::: STORED DATA :::

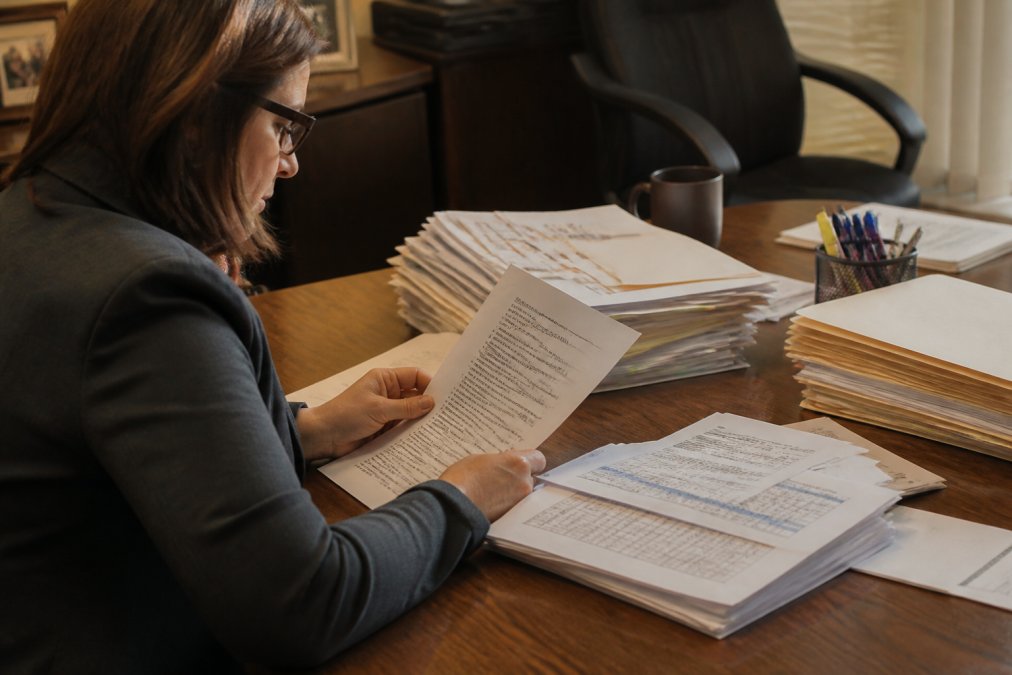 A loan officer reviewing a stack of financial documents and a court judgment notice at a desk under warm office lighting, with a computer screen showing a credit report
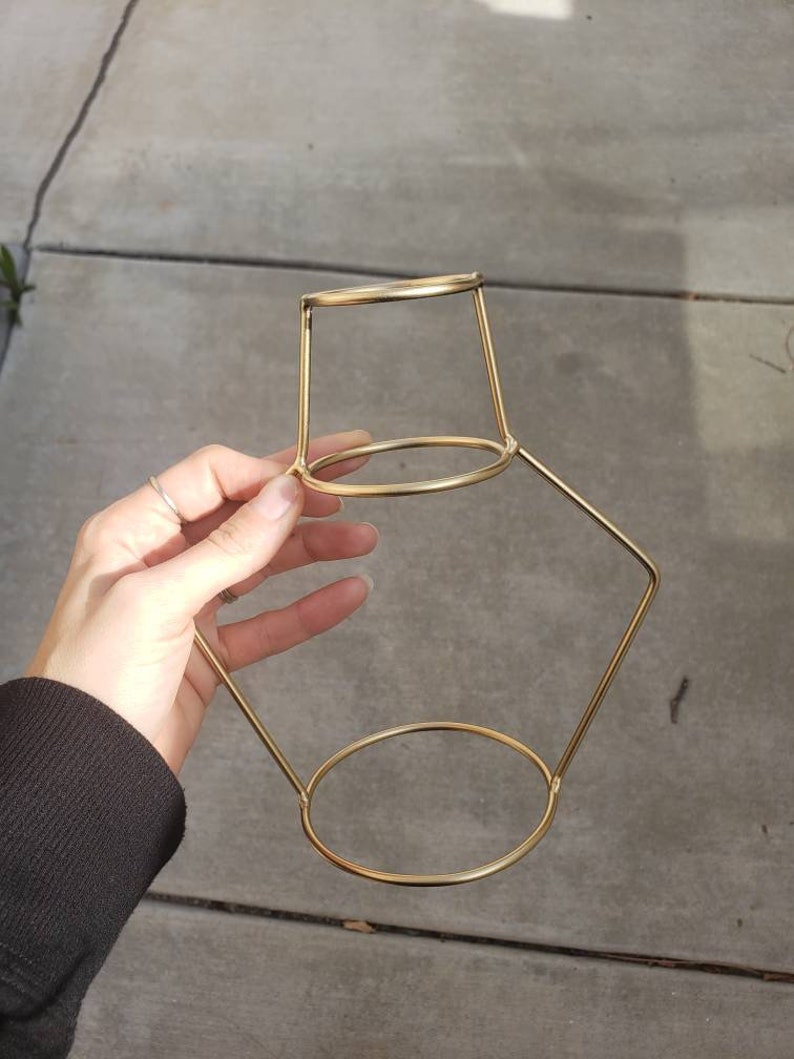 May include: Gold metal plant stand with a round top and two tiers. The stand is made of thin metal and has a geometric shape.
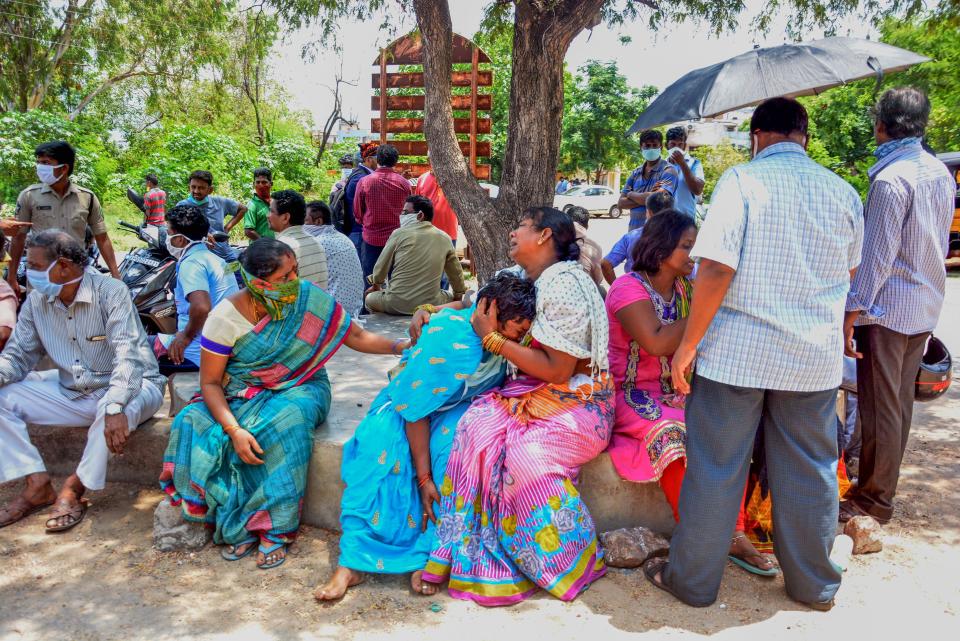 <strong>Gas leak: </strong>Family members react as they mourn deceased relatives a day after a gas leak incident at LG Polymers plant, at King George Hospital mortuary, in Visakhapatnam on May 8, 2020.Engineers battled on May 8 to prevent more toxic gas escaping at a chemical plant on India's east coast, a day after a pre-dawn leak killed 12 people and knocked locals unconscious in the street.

:::

WORK TASK.
Line by line, return the listing above exactly, leaving out its pictures.

THE COMPLETED TASK.
 A loan officer reviewing a stack of financial documents and a court judgment notice at a desk under warm office lighting, with a computer screen showing a credit report
 May include: Gold metal plant stand with a round top and two tiers. The stand is made of thin metal and has a geometric shape.
 <strong>Gas leak: </strong>Family members react as they mourn deceased relatives a day after a gas leak incident at LG Polymers plant, at King George Hospital mortuary, in Visakhapatnam on May 8, 2020.Engineers battled on May 8 to prevent more toxic gas escaping at a chemical plant on India's east coast, a day after a pre-dawn leak killed 12 people and knocked locals unconscious in the street.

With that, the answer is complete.